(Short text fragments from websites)
_ _ _ _ _ _ _

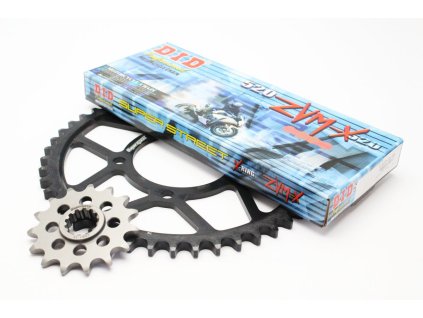 Řetězová sada D.I.D + SUPERSPROX řady ZVM-X ve zlaté barvě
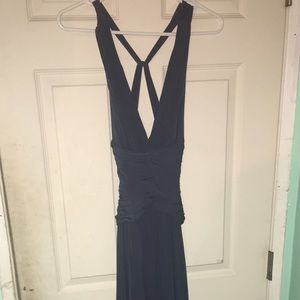 Dark Blue Prom Dress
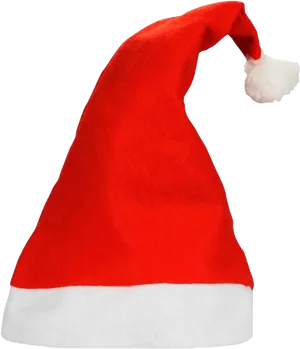 Red Christmas Santa Hat PNG Image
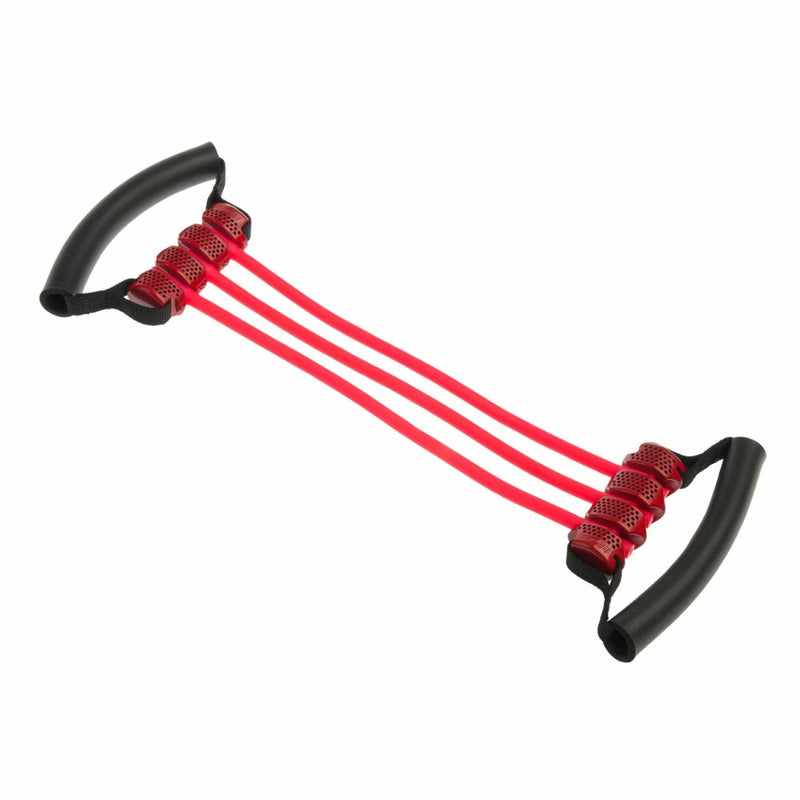 The Chest Expander from Lifeline Fitness Resistive Bands for Training Equipment, in red.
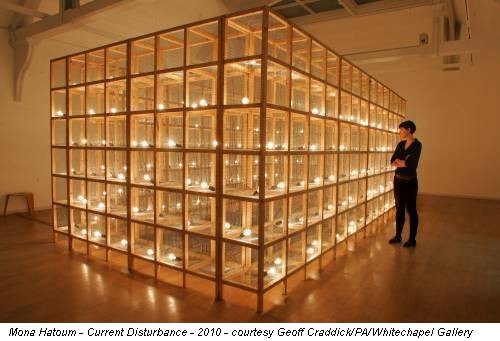 Mona Hatoum - Current Disturbance - 2010 - courtesy Geoff Craddick/PA/Whitechapel Gallery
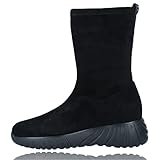  Zapatillas deportivas de botín fabricadas en piel vegana elástica Pedro Miralles modelo BLED en tonos . Hecho a mano en España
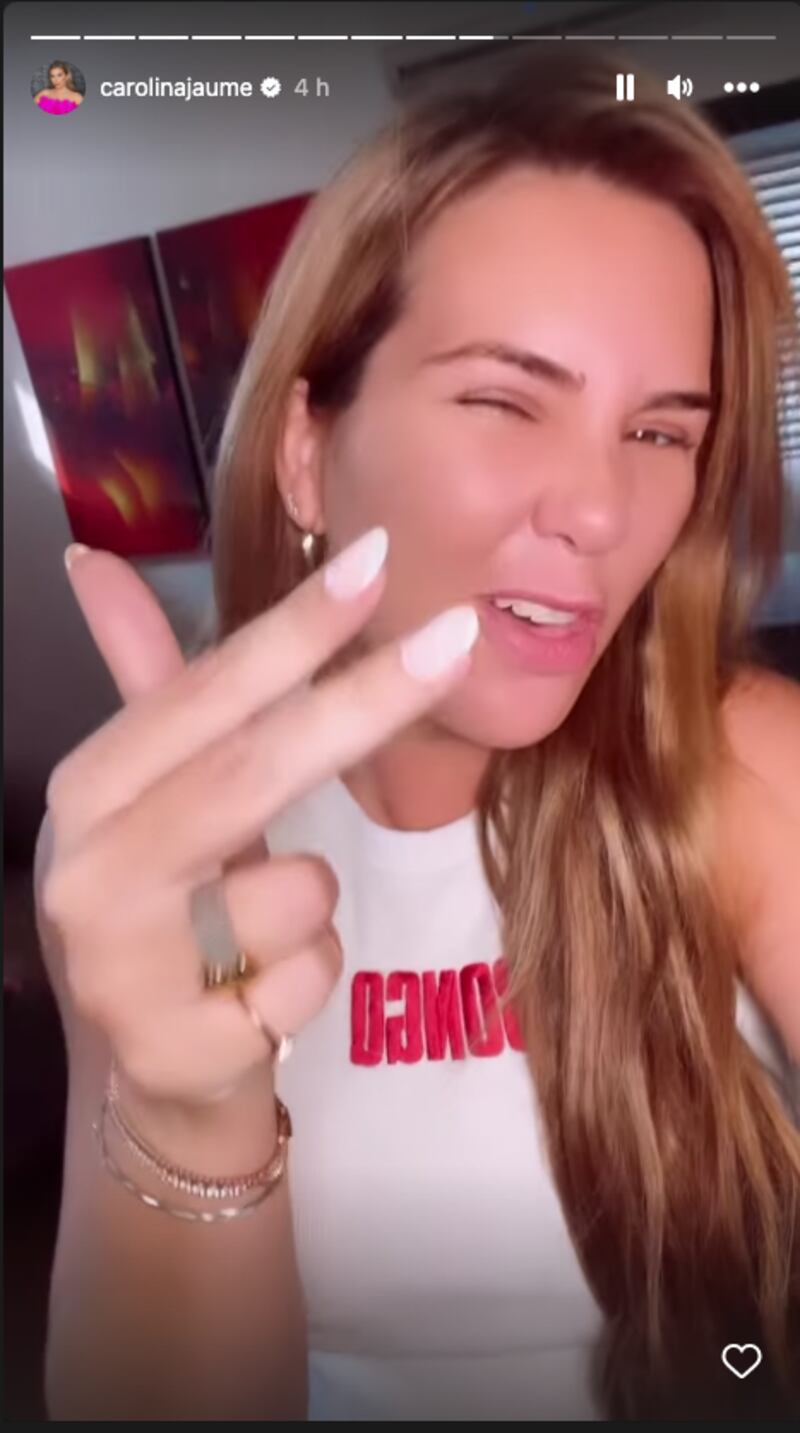 Carolina Jaume hablando de la canción de Shakira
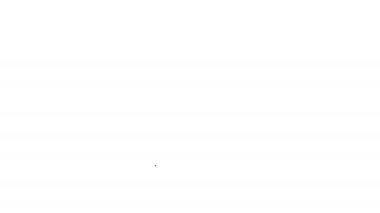 Beyaz arka plan üzerinde Siyah Kitap satır simgesi. 4k Video hareket grafik animasyon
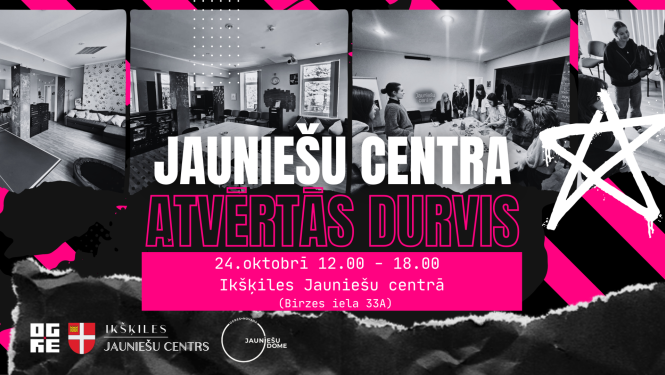 Atvērto durvju diena Ikšķiles jauniešu centrā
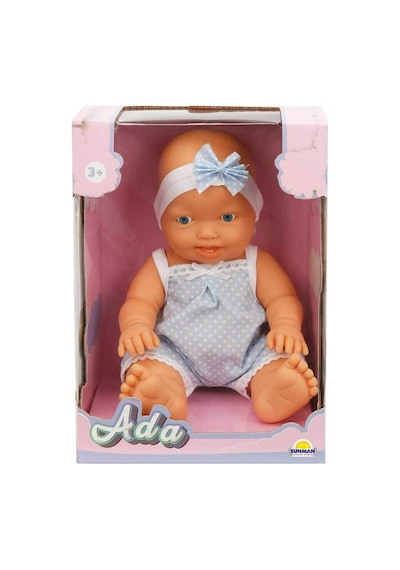 20030 Sun-sabc-dzm-2 Asortili Saçsız Ada Bebek 23cm - Izbp-888160 1 Adet
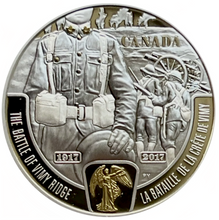 2017  Canada 1 oz Fine Silver 20$ First World War Battlefront Series-The Battle of Vimy Ridge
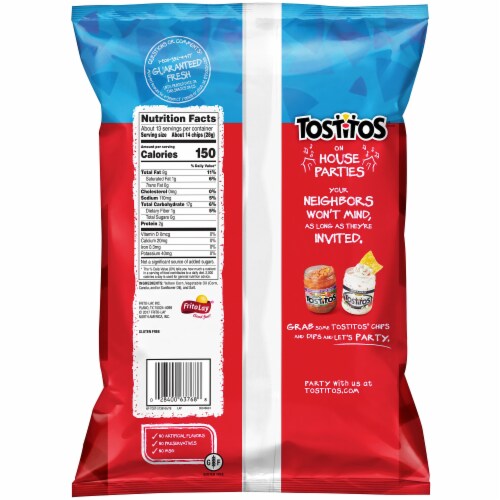 Tostitos® Yellow Corn Bite Size Tortilla Chips Perspective: back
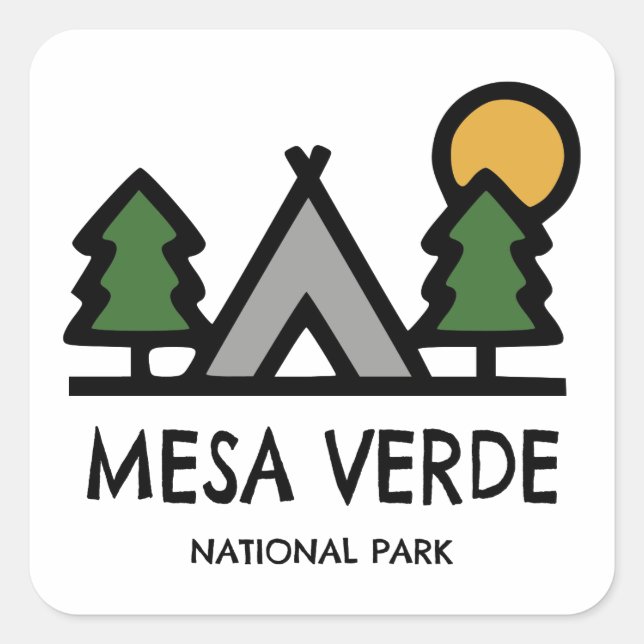 Mesa Verde National Park Square Sticker (Front)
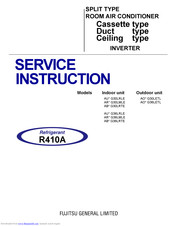 Fujitsu AR*G30LMLE series Service Instruction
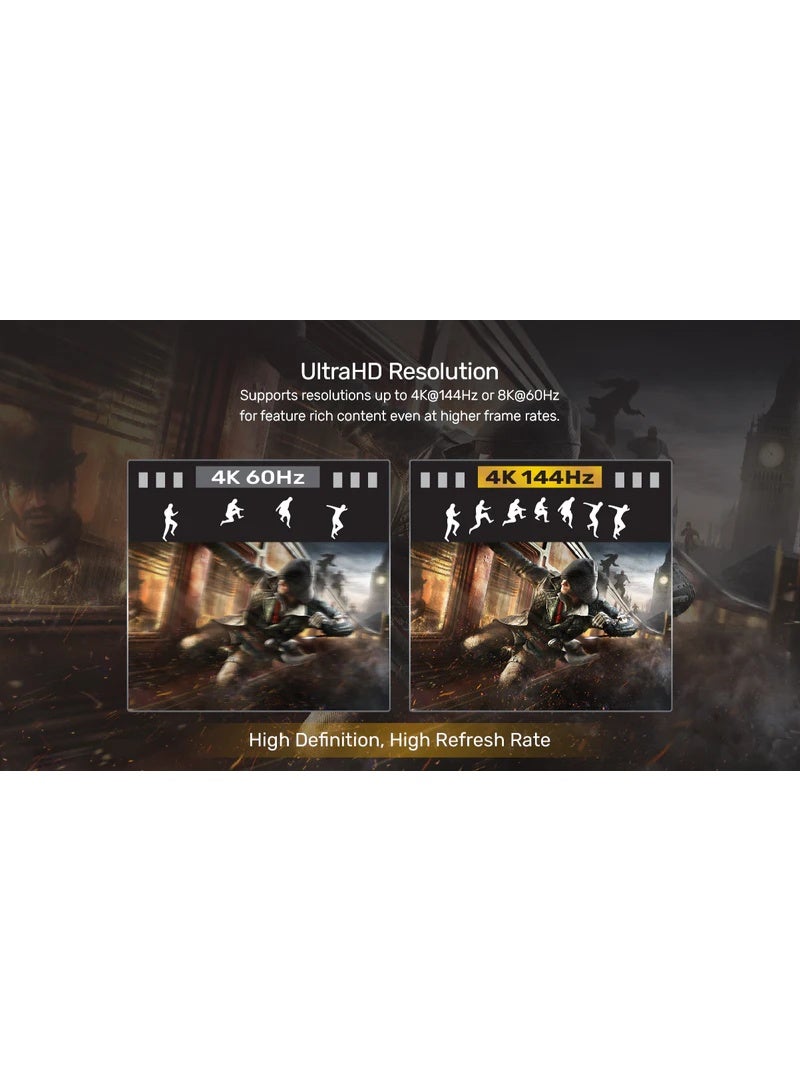 UNITEK محول USB-C إلى DisplayPort1.4 - Image 2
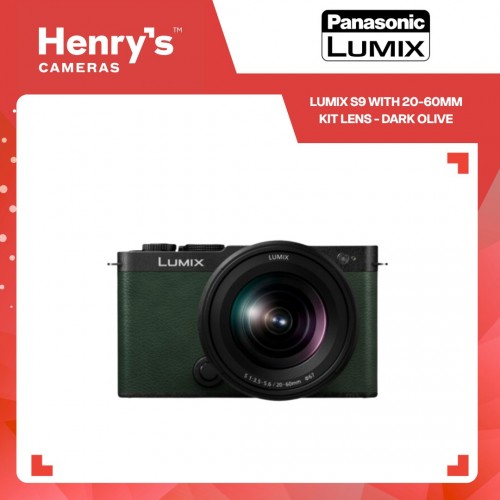 Panasonic Lumix S9 with 20-60mm Kit Lens - Dark Olive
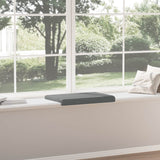 Bench Cushion Fabric Dark Grey Depth 35 cm - Top-Down View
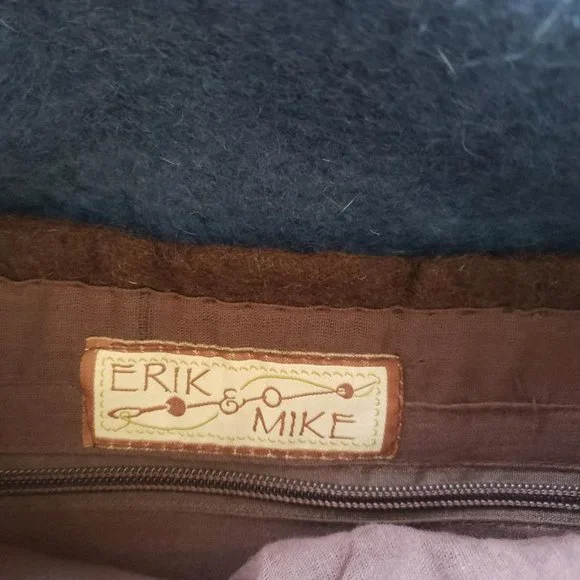 ERIK & MIKE 100% WOOL MESSENGER BAG - Picture 3 of 6
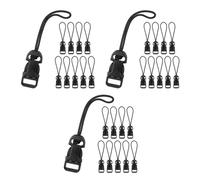 30Pièces Boucles De Détachement Rapide Caméra Nylon Noir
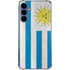 Uraguay Flag Distressed Galaxy A55 5G Clear Case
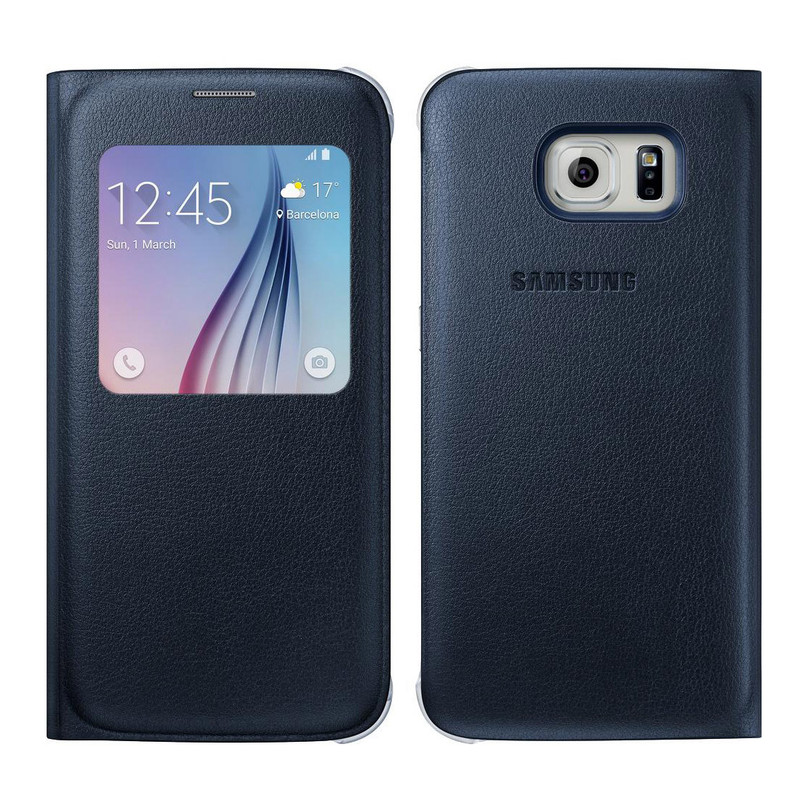 کیف کلاسوری مدل S View Cover مناسب برای گوشی موبایل سامسونگ Galaxy S6 Edge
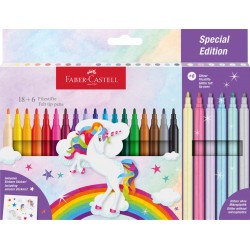 CARIOCA 18+6 CULORI UNICORNI FABER-CASTELL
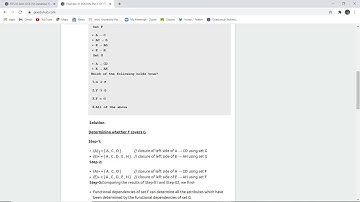 Example of Equivalence of Functional Dependency in DBMS
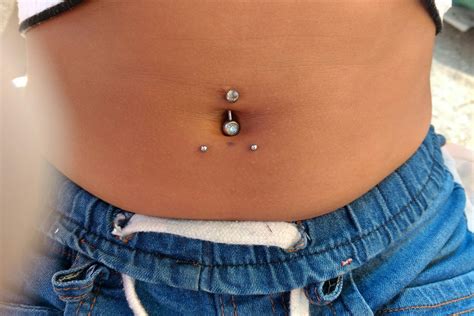 heal  infected belly piercing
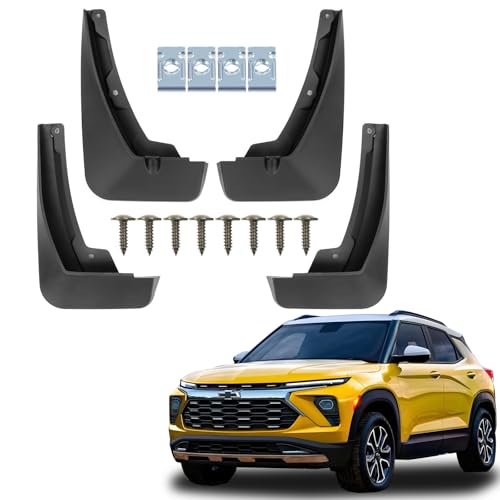 Image of Mud Flaps Splash Guards for Chevy /Chevrolet Trailblazer 2021 2022 2023 2024 2025 | No Drilling Required Bendable Mud Guards | Front & Rear 4-Piece Set Car Accessories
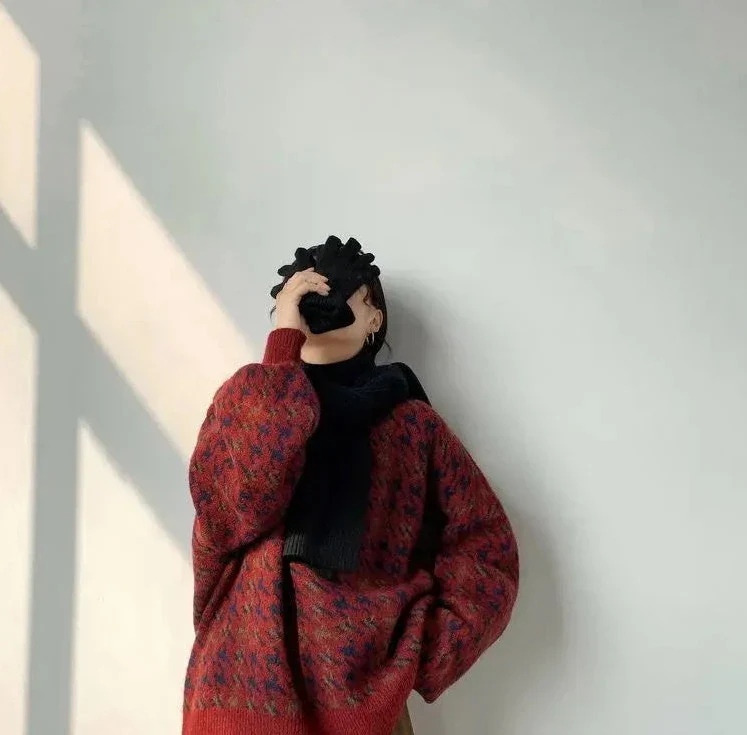 Star Gazer Chic Lantern Knitted Pullover - Image 8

_ _ _ _ _ _ _

__WHAT IS BEING ASKED__:
Copy the lines above exactly, starting with the line that contains "20030 Sun-sabc-dzm-2 Asortili" and ending with the line that contains "infected belly piercing", and leave out any pictures.

__RESPONSE__:
 20030 Sun-sabc-dzm-2 Asortili Saçsız Ada Bebek 23cm - Izbp-888160 1 Adet
 2017  Canada 1 oz Fine Silver 20$ First World War Battlefront Series-The Battle of Vimy Ridge
 Tostitos® Yellow Corn Bite Size Tortilla Chips Perspective: back
 Mesa Verde National Park Square Sticker (Front)
 Fujitsu AR*G30LMLE series Service Instruction
 UNITEK محول USB-C إلى DisplayPort1.4 - Image 2
 Panasonic Lumix S9 with 20-60mm Kit Lens - Dark Olive
 Bench Cushion Fabric Dark Grey Depth 35 cm - Top-Down View
 ERIK & MIKE 100% WOOL MESSENGER BAG - Picture 3 of 6
 30Pièces Boucles De Détachement Rapide Caméra Nylon Noir
 Uraguay Flag Distressed Galaxy A55 5G Clear Case
 کیف کلاسوری مدل S View Cover مناسب برای گوشی موبایل سامسونگ Galaxy S6 Edge
 CARIOCA 18+6 CULORI UNICORNI FABER-CASTELL
 Example of Equivalence of Functional Dependency in DBMS
 heal  infected belly piercing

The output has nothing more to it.